Wednesday, October 24, 2012

2 Kings 1: Ahaziah Dies from HIs Injury

1 Kings 22:51 - 2 Kings 1:4 Ahaziah son of Ahab became king of Israel in Samaria in the seventeenth year of Jehoshaphat king of Judah, and he reigned over Israel two years. He did evil in the eyes of the Lord, because he walked in the ways of his father and mother and in the ways of Jeroboam son of Nebat, who caused Israel to sin. He served and worshiped Baal and provoked the Lord, the God of Israel, to anger, just as his father had done. After Ahab's death, Moab rebelled against Israel. Now Ahaziah had fallen through the lattice of his upper room in Samaria and injured himself. So he sent messengers, saying to them, "Go and consult Baal-Zebub, the god of Ekron, to see if I will recover from this injury." But the angel of the Lord said to Elijah the Tishbite, "Go up and meet the messengers of the king of Samaria and ask them, 'Is it because there is no God in Israel that you are going off to consult Baal-Zebub, the god of Ekron?' Therefore this is what the Lord says: 'You will not leave the bed you are lying on. You will certainly die!'" So Elijah went.

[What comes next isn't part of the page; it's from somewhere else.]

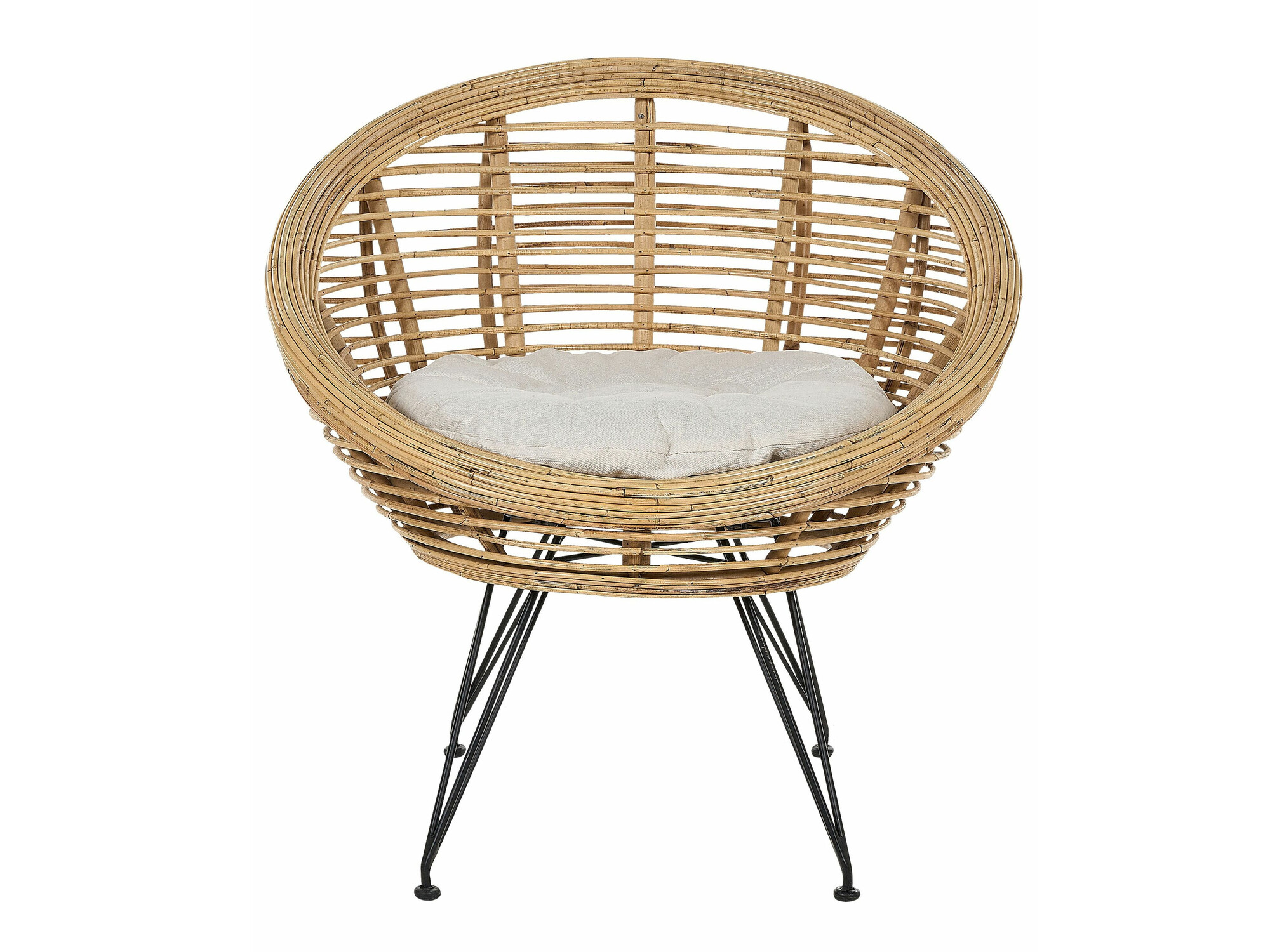 Vrtni stol Marsona 101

Like father like son: Ahaziah followed his father Ahab's footstep. And like his father Ahab, he came under divine judgement and died of his injury sustained from a fall. 

But Ahaziah was given two opportunities to repent, but he didn't. Firstly, Elijah intercepted his messengers who were on the way to consult Baalzebub, the god of the Ekron. Elijah delivered God's judgment that Ahaziah would not leave his bed and would die on his bed. Secondly, Elijah met him face to face and declare the same message. But there was no indication that Ahaziah humbled himself like his father Ahab did. So, he died according to the prophecy given to him.

Prophetic declaration of God's intention is not irreversible. God is known to relent from what He has planned to do when confronted with genuine repentance and humility. He relented when Ahab humbled himself. He relented too when the king of Nineveh humbled himself at Jonah's preaching: "When God saw what they did and how they turned from their evil ways, he had compassion and did not bring upon them the destruction he had threatened" (Jonah 3:10).

If we repent, God will relent. That is grace. Law punishes, but grace forgives. But it is conditional on our act of confession of our sins (admitting we are wrong and turning away from our sins): "If we confess our sins, God is faithful and just and will forgive us and purify us from all unrighteousness" (1 John 1:9). The God of the NT is also the God of the OT -- He has not changed.

Father, thank You that You are always faithful to forgive whenever we confess and acknowledge we have sinned against You. You did it for Christ's sake for Christ's death has paved the way for Your grace to be made effective in everyone who repents. Amen.